School of Life and Environmental Sciences, University of Sydney, Sydney, NSW 2006, Australia.
Research School of Biology, Australian National University, Canberra, ACT 2601, Australia.
Syst Biol. 2018 May 1;67(3):400-412. doi: 10.1093/sysbio/syx076.
A fundamental challenge in resolving evolutionary relationships across the tree of life is to account for heterogeneity in the evolutionary signal across loci. Studies of marsupial mammals have demonstrated that this heterogeneity can be substantial, leaving considerable uncertainty in the evolutionary timescale and relationships within the group. Using simulations and a new phylogenomic data set comprising nucleotide sequences of 1550 loci from 18 of the 22 extant marsupial families, we demonstrate the power of a method for identifying clusters of loci that support different phylogenetic trees. We find two distinct clusters of loci, each providing an estimate of the species tree that matches previously proposed resolutions of the marsupial phylogeny. We also identify a well-supported placement for the enigmatic marsupial moles (Notoryctes) that contradicts previous molecular estimates but is consistent with morphological evidence. The pattern of gene-tree variation across tree-space is characterized by changes in information content, GC content, substitution-model adequacy, and signatures of purifying selection in the data. In a simulation study, we show that incomplete lineage sorting can explain the division of loci into the two tree-topology clusters, as found in our phylogenomic analysis of marsupials. We also demonstrate the potential benefits of minimizing uncertainty from phylogenetic conflict for molecular dating. Our analyses reveal that Australasian marsupials appeared in the early Paleocene, whereas the diversification of present-day families occurred primarily during the late Eocene and early Oligocene. Our methods provide an intuitive framework for improving the accuracy and precision of phylogenetic inference and molecular dating using genome-scale data.

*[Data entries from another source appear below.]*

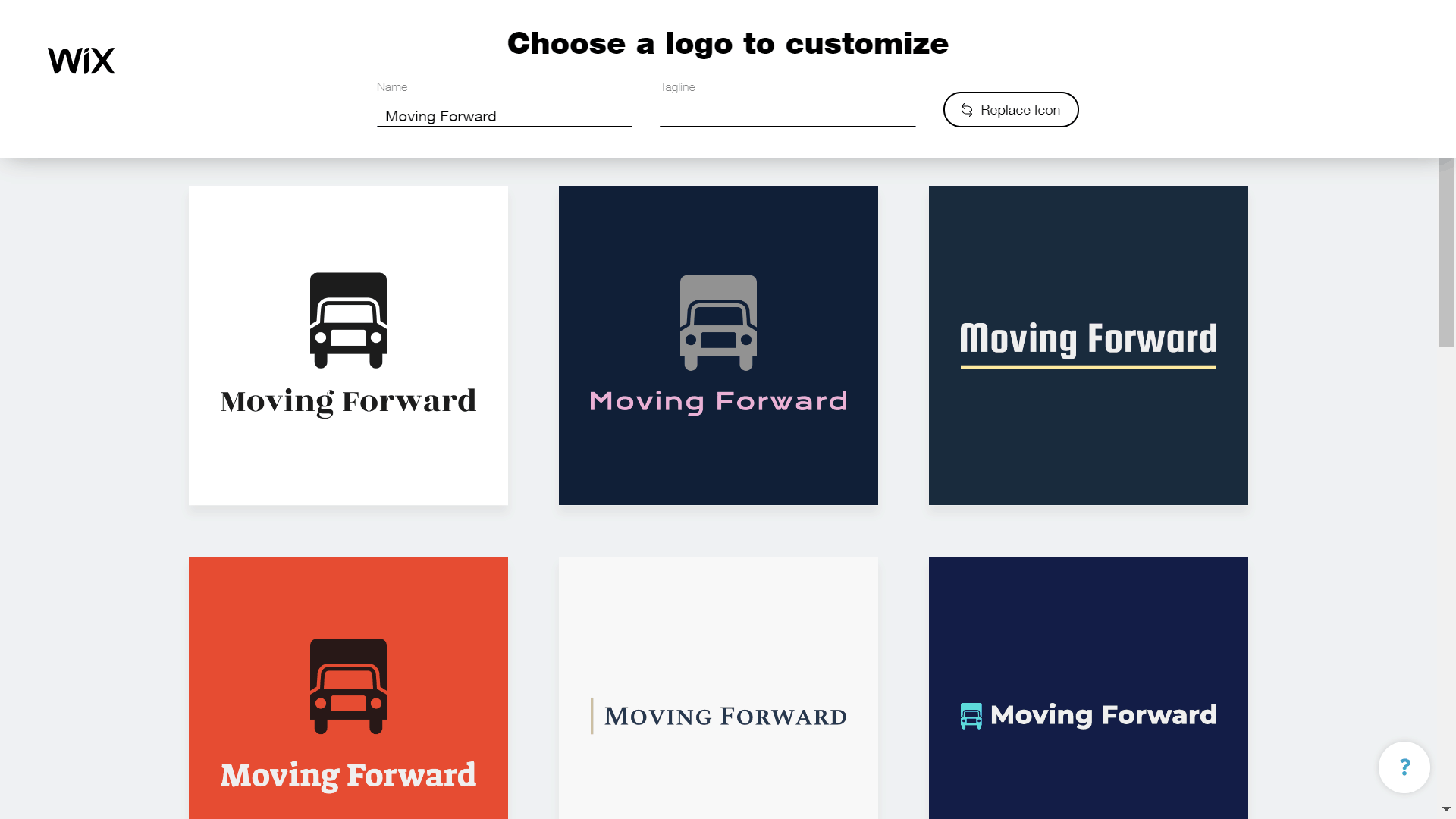 Wix Logo Maker screenshot - AI-generated truck logos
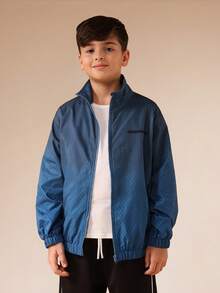 SUMWON Windjacke mit Typografie-Muster und elastischen Bündchen für lässige Outdoor-Abenteuer - Blau - Übersicht 5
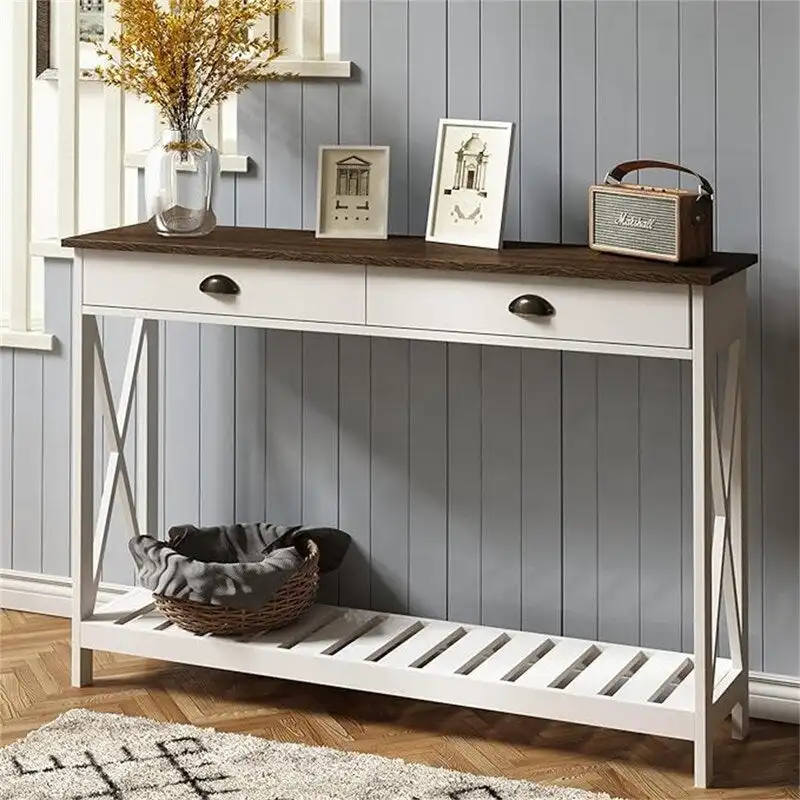 47  Farmhouse Console Table with Drawer for Entryway - 11.8 D x 47.19 W x 31.5 H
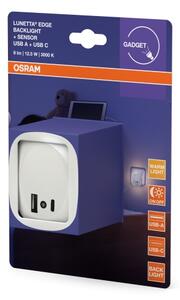 Osram- LED нощна лампа за контакт със сензор и USB LUNETTA LED/12,5W/230V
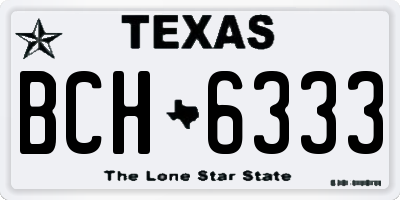 TX license plate BCH6333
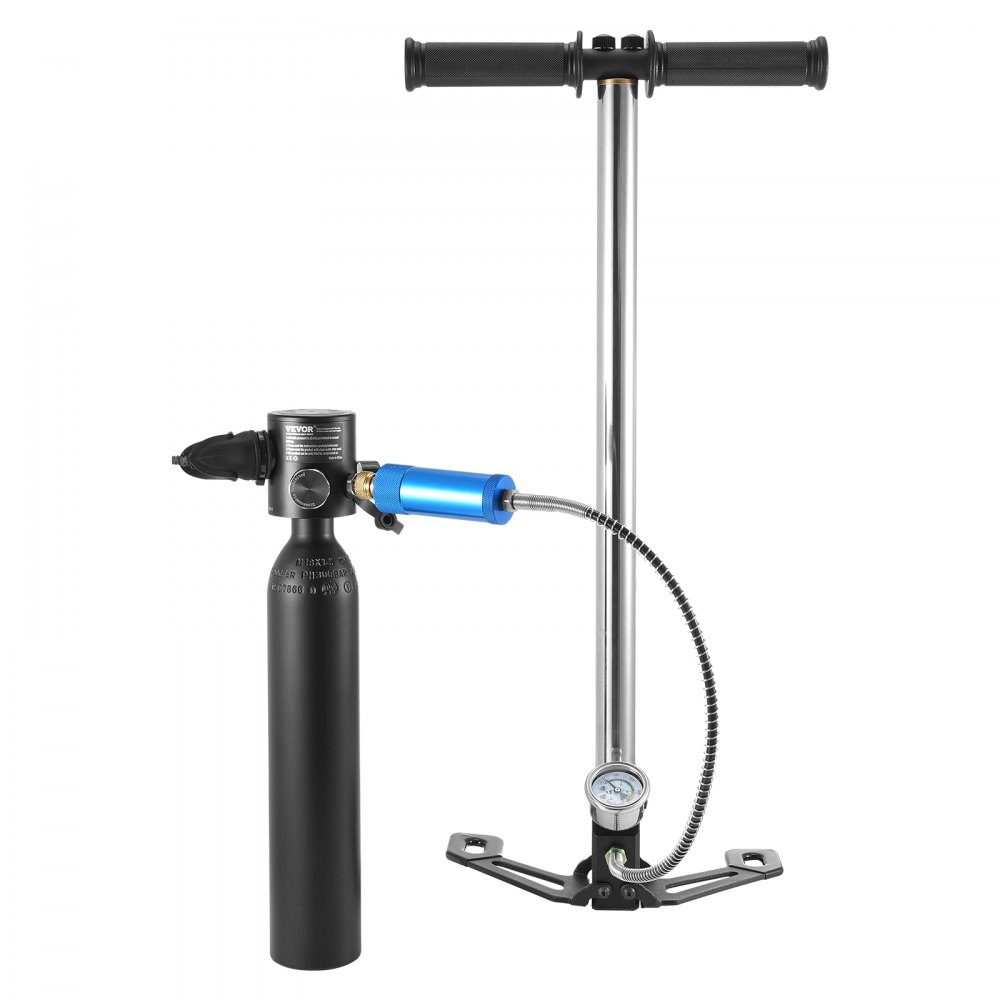 0.5L Diving Bottle, Portable Diving Bottle, Oxygen Bottle for Diving Support, 5-10 Minutes Underwater Breathing, 30m Diving Depth, Refillable Snorkel Air Tank with Pump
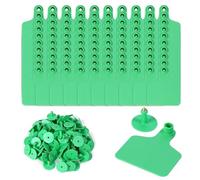 Etichette per bestiame, Confezione da 100 etichette auricolari di identificazione animale multicolore senza parola for bestiame 75x60 mm(Green)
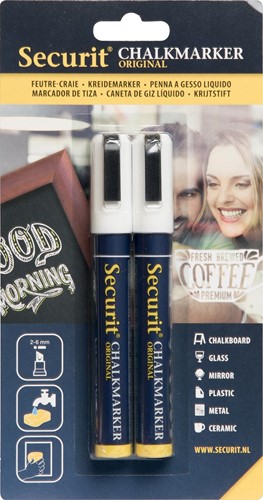 Securit krijtmarker medium, blister met 2 stuks, wit 2 Stuk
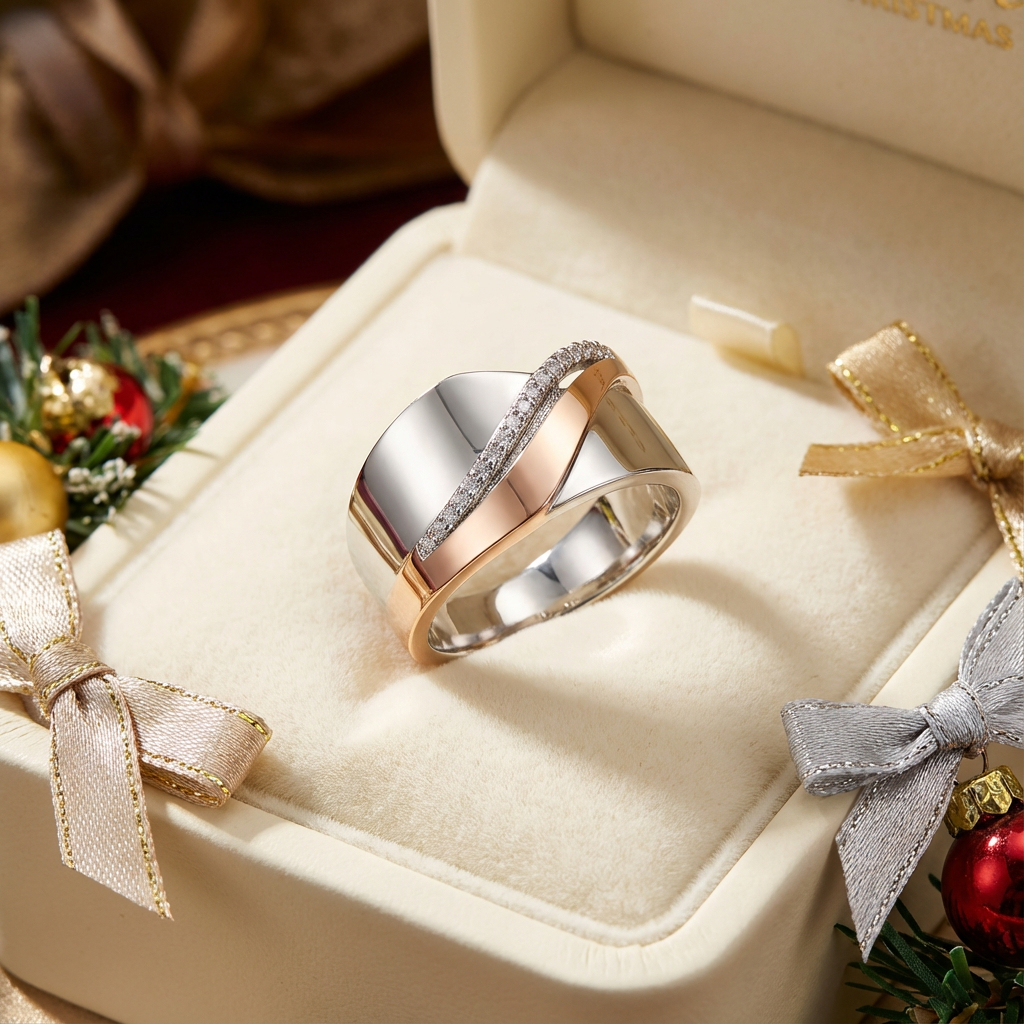 Rose Gold &amp; Silver Zirconia Ring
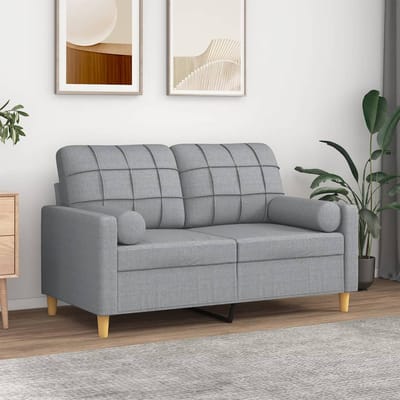 vidaXL - Tweezitsbank - met - sierkussens - 120 - cm - stof - lichtgrijs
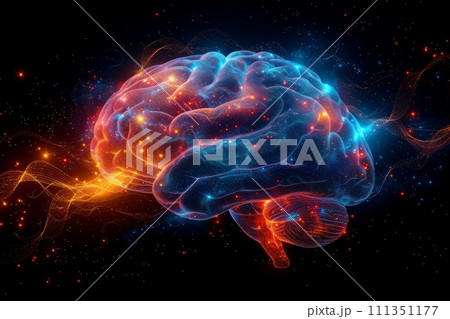 シナプスの光芒: 想像力を映す活動的な脳神経のダイナミックなイメージ AI画像 36 111351177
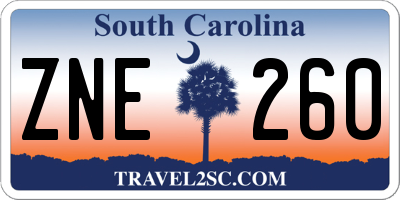 SC license plate ZNE260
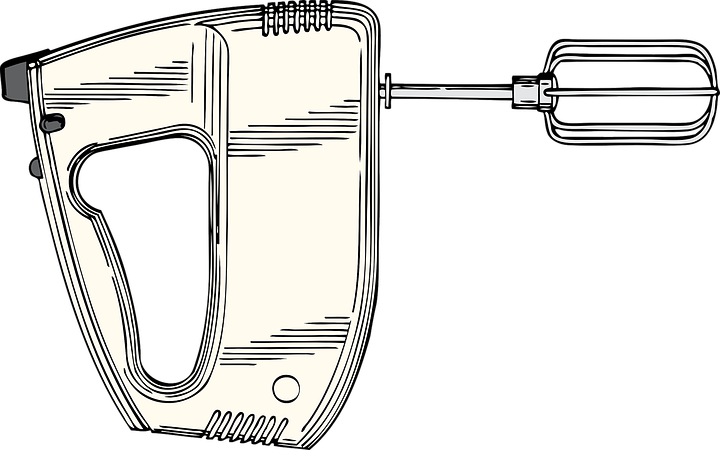 Graphic of a handheld mixer with beaters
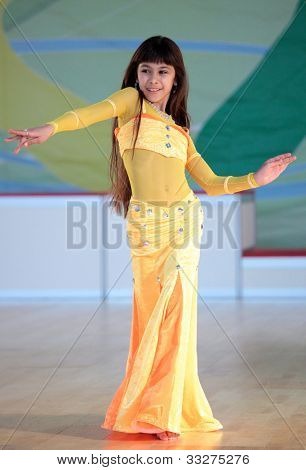 MOSCOW, RUSSIA - MAY 2: Unidentified girl dance during IX World Dance Olympiad in Moscow, Russia at May 2, 2012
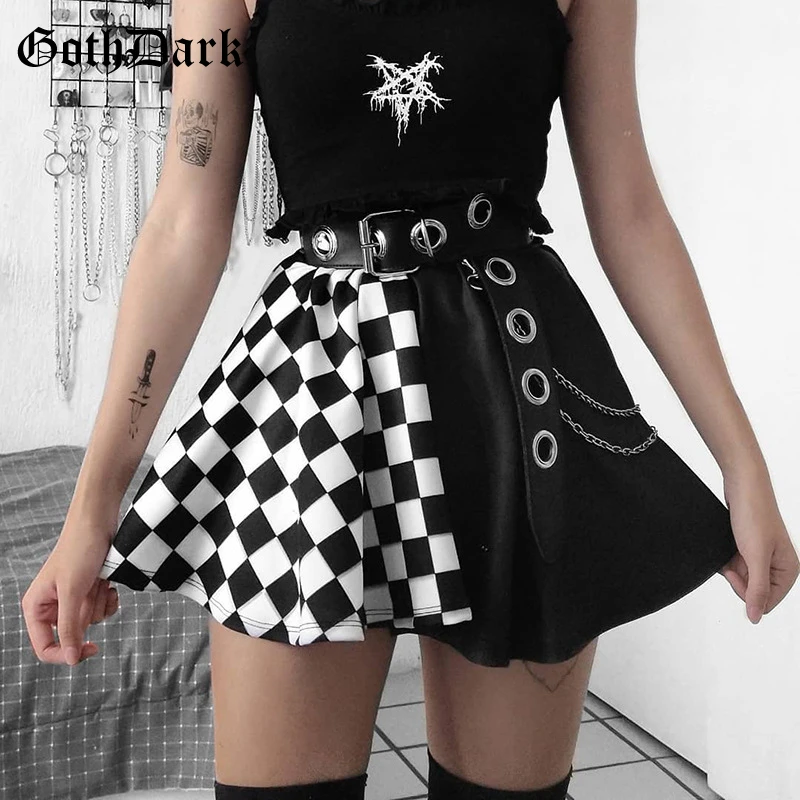 Goth Dark Mall Gothic Grunge Plaid Women Mini Skirts Pleated Black Punk Aesthetic Emo Alt Clothes Harajuku Sexy Streetwear Skirt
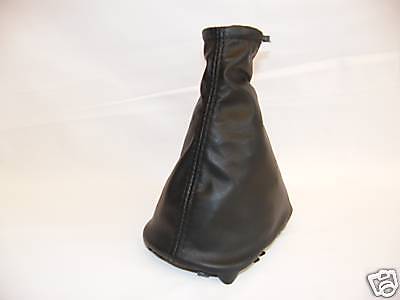 FITS PEUGEOT 207 GEAR GAITER BLACK REAL LEATHER 2006-2012 BLACK STITCHING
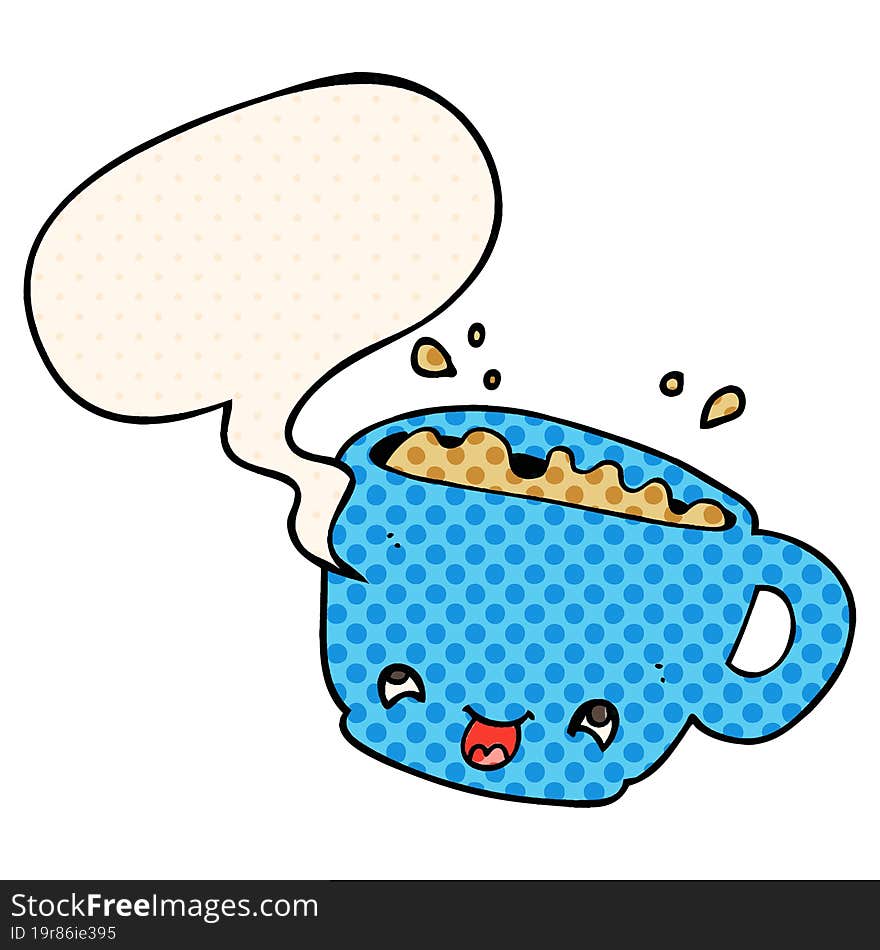 cartoon cup of coffee with speech bubble in comic book style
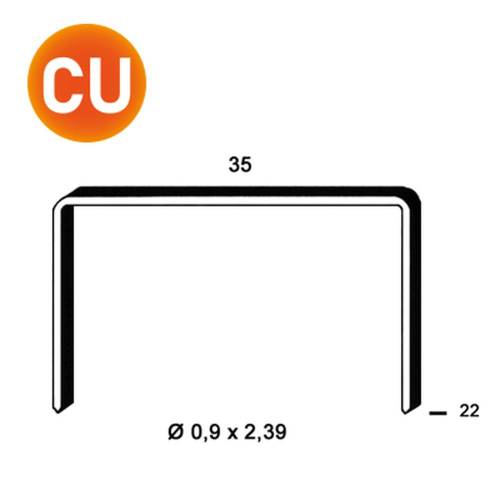 7 500 Agrafes Cuivrées B-22 – 35 x 22 x D. 0,9 mm – Résistantes et Durables - ALSAFIX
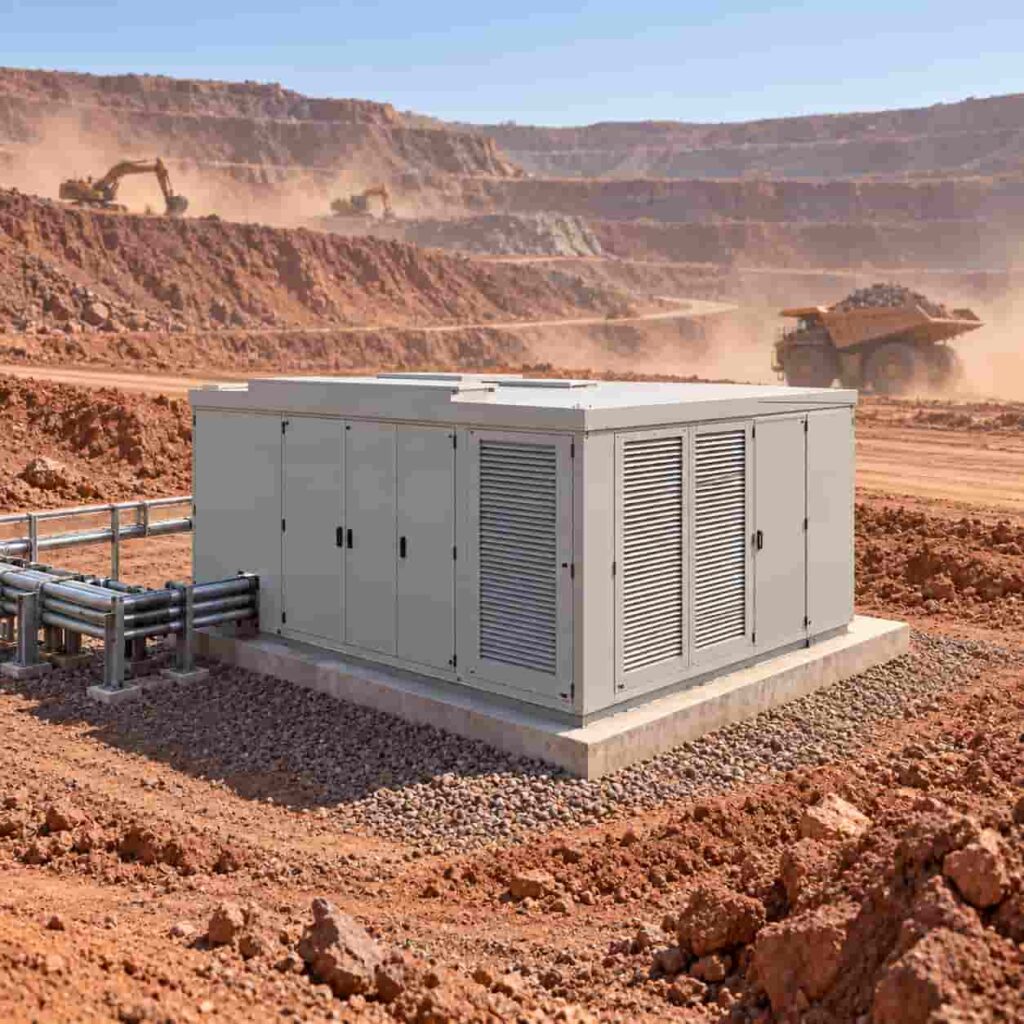 Prefabricated substation e-house operating at an open-pit mining site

解决生命之树中进化关系的一个基本挑战是要解释跨基因座进化信号的异质性。有研究表明,有袋哺乳动物的这种异质性可能非常大,这使得对该类群的进化时间尺度和关系存在很大的不确定性。我们使用模拟和一个新的基因组数据集,该数据集包含了 22 个现存有袋目哺乳动物家族中的 18 个家族的 1550 个基因座的核苷酸序列,证明了一种识别支持不同系统发育树的基因座聚类的方法的有效性。我们发现了两个不同的基因座聚类,每个聚类都提供了一个与以前提出的有袋动物系统发育解决方案相匹配的物种树估计。我们还为神秘的有袋目鼹鼠(Notoryctes)找到了一个支持度很高的位置,这与之前的分子估计结果相矛盾,但与形态学证据一致。基因树在树空间中的变异模式的特征是信息含量、GC 含量、替代模型充分性以及数据中纯化选择的特征发生变化。在模拟研究中,我们表明不完全谱系分选可以解释我们对有袋目哺乳动物的基因组分析中基因座划分为两个树拓扑聚类的原因。我们还展示了最小化系统发育冲突不确定性对分子定年的潜在好处。我们的分析表明,澳大利亚有袋类动物出现在古新世早期,而现存家族的多样化主要发生在始新世晚期和渐新世早期。我们的方法为使用基因组规模的数据提高系统发育推断和分子定年的准确性和精度提供了直观的框架。